The dataset was created by the REACT Group at EPFL and is owned by EPFL.
It is available for download from http://go.epfl.ch/peer-dataset and consists of three files: two with grades and one with student-report mapping. The following files are available in the tab-separated values (TSV) format:
- grades_studens_all.tsv contains grades assigned by the students
- grades_instructors_all.tsv has the grades assigned by the instructors
- students_reports_mapping.tsv contains the mapping between student ids and their report ids.

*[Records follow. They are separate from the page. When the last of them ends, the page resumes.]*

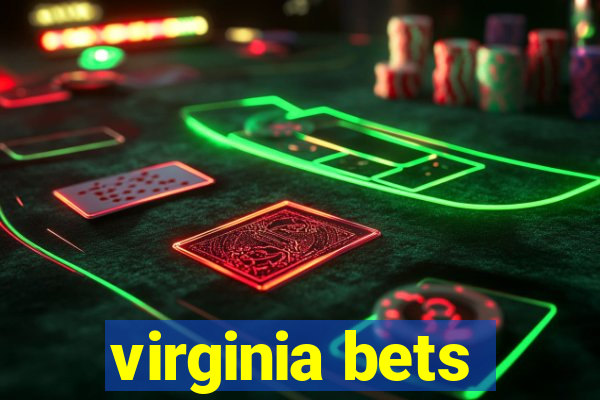 virginia bets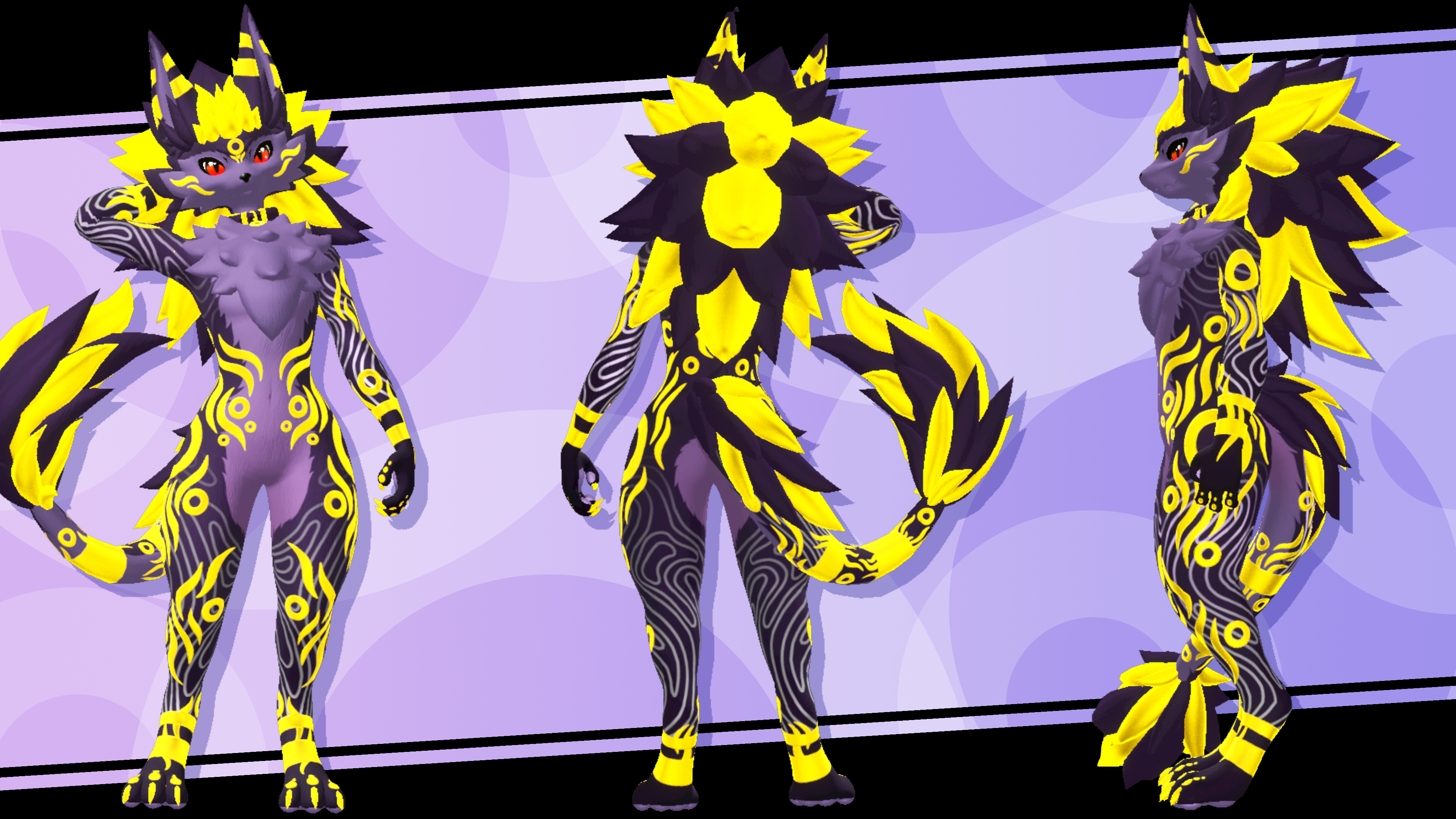 ๐ Umbra - Novabeast Texture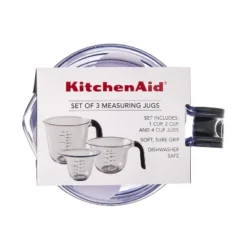 KitchenAid Set Of 3 Measuring Cups: Plastic, Dishwasher-Safe, Easy-Pour Spout, 2, 1, & 4-Cup Stackable Design 21 KitchenAid Set Of 3 Measuring Cups: Plastic, Dishwasher-Safe, Easy-Pour Spout, 2, 1, & 4-Cup Stackable Design -KitchenAid Shop GUEST a56056be 2341 4ba8 9e63 c25cc4865256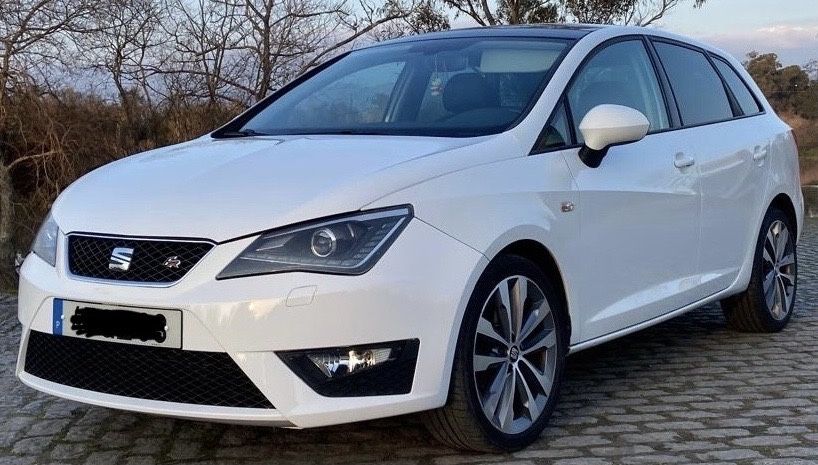 SEAT IBIZA FR, Nacional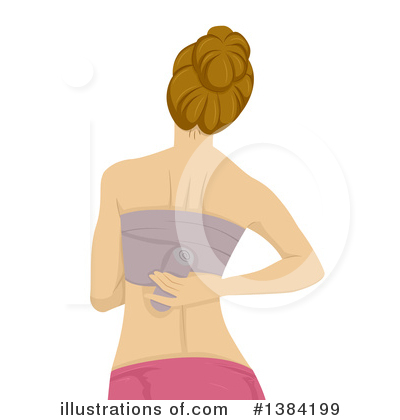 Royalty-Free (RF) Woman Clipart Illustration by BNP Design Studio - Stock Sample #1384199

All participants of the assessment were instructed to use a 5-point Likert-type scale for grading the reports. Since the course was about social media, the grade scale was inspired by the 5-star rating system often found in social media (e.g., used for product review on Amazon.com): 5 stars – I love the report; 4 stars – I like the report; 3 stars – The report is OK; 2 stars – I don’t like the report; 1 star – I hate the report. In total there are 1346 grades: 1106 by the students and 240 by the instructors.
Educational objective
Peer assessment is seen as a powerful supporting tool to achieve scalability in the evaluation of complex assignments in large courses, possibly virtual ones, as in the context of massive open online courses (MOOCs). However, the adoption of peer assessment is slow, due in part to the lack of ready-to-use systems. Furthermore, the validity of peer assessment is still under discussion.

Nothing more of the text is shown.